Why Senegal failed to shine at the 2012 Africa Cup of Nations
To really grasp the nature of Senegal's spectacular failure at this Africa Cup of Nations you need only look at the teams who finished above them in Group A. For Senegal to finish below Equatorial Guinea is surprising, unfathomable even. But to finish below Libya, given the vast gap in quality and wildly differing paths they travelled before meeting in Bata, is astonishing.
Consider it for a moment. Libya is a team that had to overcome political divisions, a full-scale, bloody revolution, a qualifying campaign in which they could only play one game at home due to the conflicts, the suspension of their domestic league and â as if all that wasn't enough - the death of their team doctor the night before a crucial qualifier.
They have no globally renowned stars, the structure of their league leaves much to be desired and until recently transfers abroad were heavily restricted by the now deceased Colonel Gadaffi.

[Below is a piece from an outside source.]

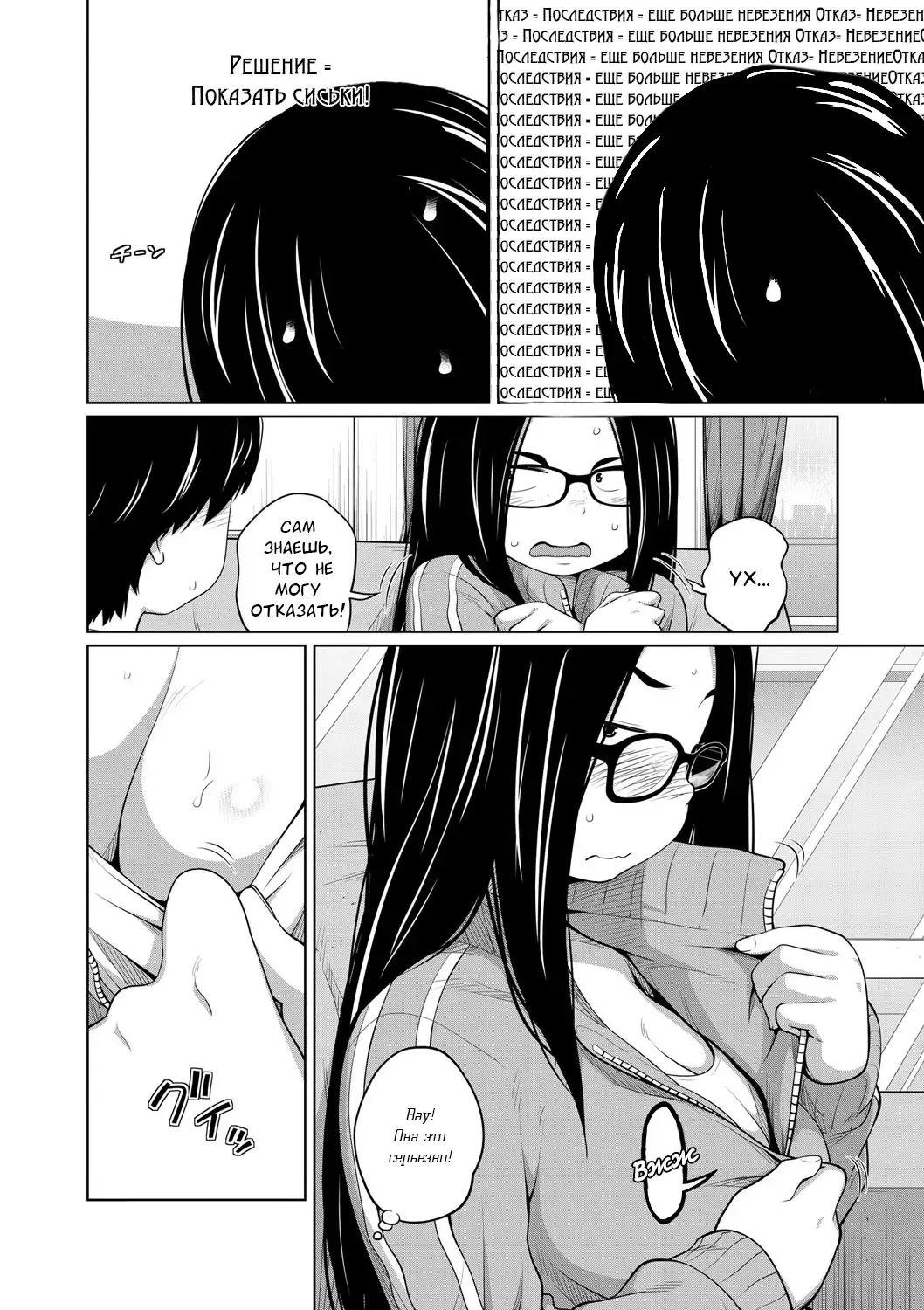 [Tsubaki Jushirou] Ane Megane - spectacled sister Fhentai - Page 64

Compare with Senegal, who boast millions of pounds worth of talent and three of European football's most prolific strikers over the past year, and it is truly remarkable that Libya managed to beat them 2-1, let alone finish above them over three games.
Such an achievement is to Libya's great credit. To Senegal's great shame, they finish bottom of a group they were supposed to stroll through on their way, in many people's eyes, to lifting the trophy itself.
Why, then, have Senegal failed, again?
Effectively Senegal's shortcomings come down to a mixture of three factors...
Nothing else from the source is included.